Perhaps this is because words are safe. They allow me to experience things viscerally. To further this visceral state, I have chosen mates who live in worlds of abstraction and words - engineer, attorney. My husband lives in his mind, turning over current events, theories, philosophy until he creates an often startling and complicated understanding of the world, his cases, his personal history, his relationship to others. He is brilliant. Sometimes whirlingly so.

But I have to remind him to pay attention to life that is happening right around him; kids, dogs, wife. Tucked into his chair, laptop ever in place, he is safe. He is not emotional. Although, inexplicably, he is more easily moved to tears than me, often just by one of the girls' silly songs or phrases.

Emotional equates to crazy for me. It stems from my mother, a deeply depressed woman whose personal losses led her to moodiness, sadness, a lashing out that came from nowhere I as a child could anticipate. I saw her as weak, a victim of her feelings and her husband's rage.

So, I am NOT emotional.

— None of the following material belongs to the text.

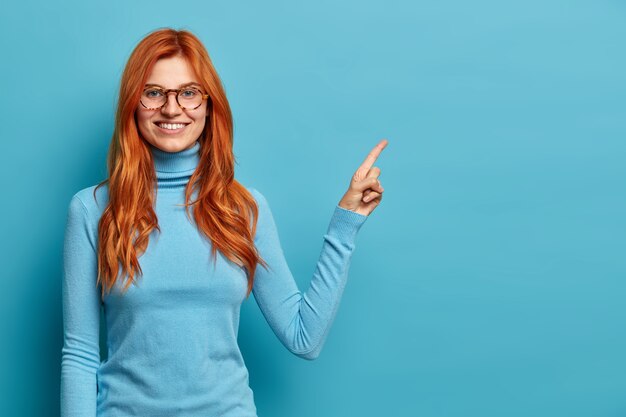 Mujer caucásica pelirroja de aspecto agradable positivo con puntos de sonrisa con dientes en el espacio de la copia en la esquina superior derecha.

Overtly, sustainably. Except I am. Deep inside; safe inside. Not many know it or have seen it. I don't often see it or know it myself.

But I feel the need for it. I long for it. Like I long for touch, which leads to emotion. Which I therefore avoid.

Today I went for a massage. It is in one facet the perfect touch. Comforting, returning me to inside my skin, my body, asking nothing in return. It makes me feel human again. But it is in the end, a bit disappointing. Because it lacks emotion. It is caring in a way, but not connecting.

And I remember connected. I remember touches that made me swoon; truly dizzying. In a hotel room in Arizona, the streets of Paris, a car in Tennessee. I remember emotion that spun my head, turned my heart, brought me to life. But it was not safe. And I never dallied. I return, but I never remain. Even though I wish (viscerally) I were capable of remaining.

Once a person said my daughter was sent to me to save me. Both my daughters have saved me. It is the one touch I do not swerve from, that of my child. It is the place of emotion I never leave. That of loving them, admiring them, learning them as they become. And they are full of emotion, drama, tears, bubbling laughter, raucous joy, rage at injustice. They are not afraid of feeling, staying in their state until it is exhausted or it exhausts them.

They are teaching me what it is to be free. Without words.